Set in Victorian England, this is a thought-provoking and shocking
debut story for teenagers and adults of how a young woman with an
ambition to become a doctor (at a time when it was frowned upon for
women to have such thoughts) is sent away and incarcerated in an asylum
for mentally ill women.
In Wildthorn Hall Louisa is stripped of all she knows, including her
own name. But refusing to be cowed by the regime, she uses her time to
recall and record the story of how she was betrayed by those around
her. And, surprisingly, she also finds great friendship and love.
Louisa tells her story in intertwining strands from the past and the
present.
Seventeen-year-old Louisa Cosgrove longs to break free from her respectable life as a Victorian doctor's daughter. But her dreams become a nightmare when Louisa is sent to Wildthorn Hall: labelled a lunatic, deprived of her liberty and even her real name. As she unravels the betrayals that led to her incarceration, she realizes there are many kinds of prison. She must be honest with herself - and others - in order to be set free. And love may be the key . . .

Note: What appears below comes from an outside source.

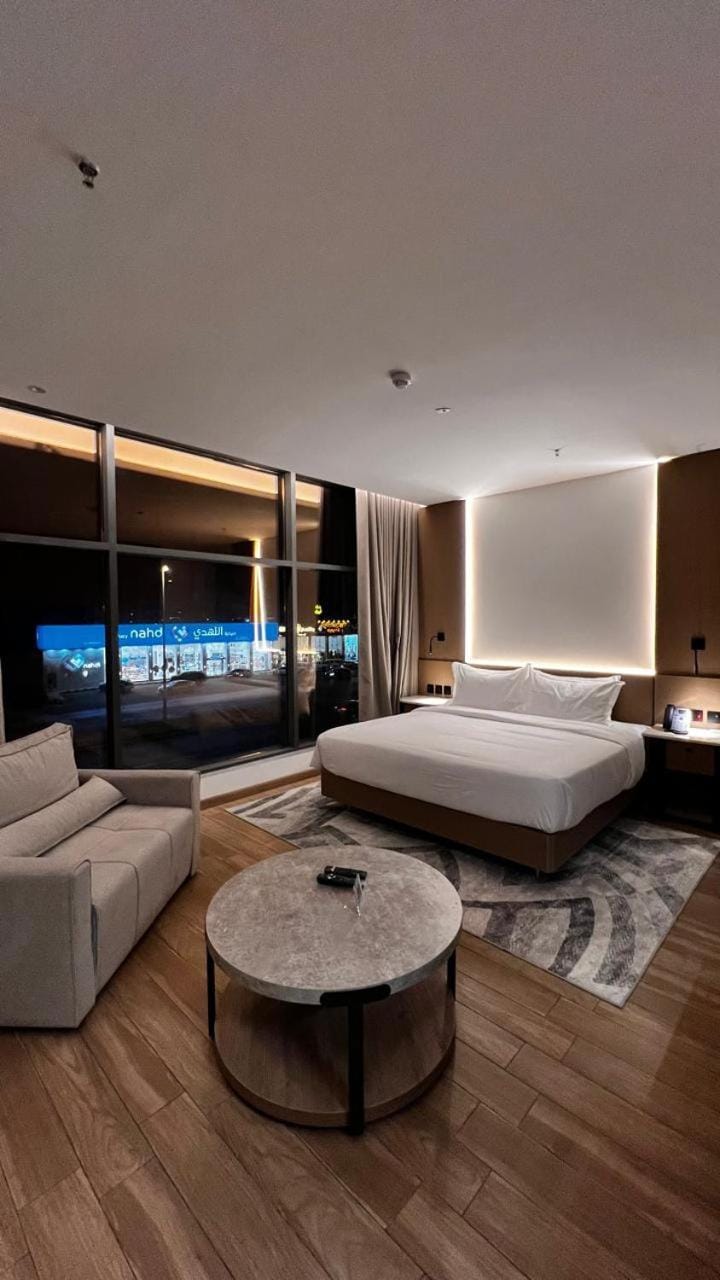 Bed, Living room, Photo of the whole room, Seating area, Bedroom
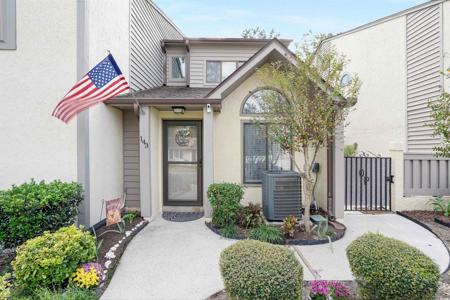 615 13th Ave. S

Born firmly in the last century, too late to make the most of the swinging
sixties, I was an 'Essex girl.' But I have lived in the north for so many years
now, my loyalties and ties are here.
I have come late to taking my
writing seriously. After teaching English in secondary schools for long enough,
I decided something had to be done while there was still time. In my work, I'm a
Jekyll and Hyde, veering between the lightness of stories for children, which I
enjoy hugely, (my inner child is about four, I reckon) and fiction for adults,
in which I seem to produce atmospheres of menace and unease.